Russ Leo's Tragedy as Philosophy in the Reformation World is an impressive, and humbling, work of meticulous scholarship. Its general purpose is to chart the development and transformation of the genre of tragedy—and the understanding of tragedy as a genre—in Europe through the sixteenth and seventeenth centuries. This task, the author amply demonstrates, cannot be done properly without taking into account tragedy's irreducibly religious investments, especially in a world that was dominated by the Reformation and the endless confessional disputes that attended it. More specifically and importantly, the author argues that tragedy comes to serve philosophical and theological ends—that it is itself a kind of philosophy and theology. But while tragedy comes to have new meaning in a Reformation context, Leo also does considerable work to situate 'sacred tragedy', or 'Reformation poetics', in the longer literary and theological traditions that preceded it.

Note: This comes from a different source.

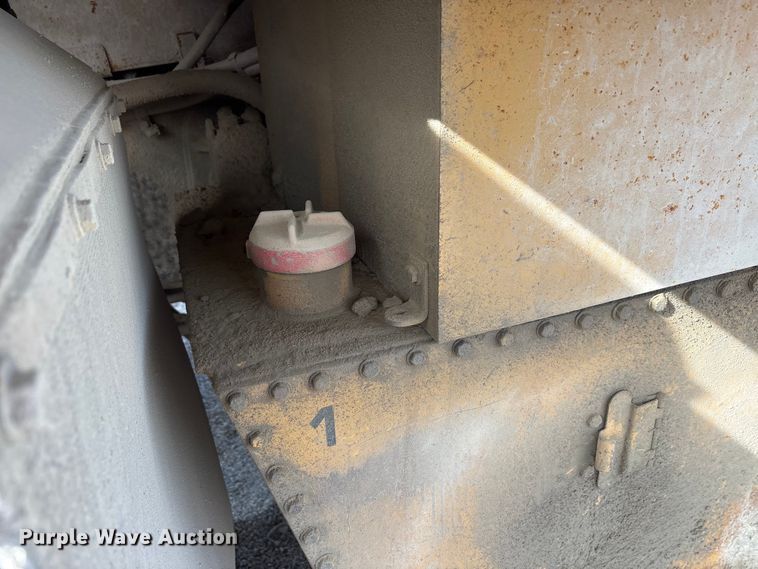 image for item EA7869 1997 Caterpillar 775D haul truck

A robust introduction, by itself a significant contribution to scholarship, establishes early modern 'tragedy's intellectual resources' with a detailed focus on the first half of the sixteenth century. It reveals the groundwork laid by reformers Erasmus, Melanchthon, and Martin Bucer crucial for rendering tragedy into a tool for theology. As Leo writes, 'tragoedia sacra […] enabled students to see connections between tragic form, tragic affects, and Scriptural fabulae' (p. 30). The first chapter then extends the interpretation of Scripture, specifically of the Book of Revelation, as tragic drama, with an analysis of David Pareus's Commentary on Revelation and its broader context. Of course, exegesis on Revelation is always also an interpretation of history, so readers gain insight into early modern views on the unfolding of tragic and sacred history, especially in relation to the unfolding of the drama of the Reformation. Chapter 2 delves into Italian reform movements in order to show how Lodovico Castelvetro's Poetica (1570 and 1576)—a translation and commentary of Aristotle's Poetics heretofore considered mainly from the perspective of the history of rhetoric—is in fact a work grounded in the principles of Erasmian and Melanchthonian religious reform and pedagogy. Leo's collation of two versions of the work reveals a heavily redacted posthumous version to have been shorn of references to Protestant luminaries and 'heterodox suggestions […] inextricable from his treatment of Aristotle' (p. 95), which illuminates how Castelvetro imagined poetry to be a useful tool of religious reform.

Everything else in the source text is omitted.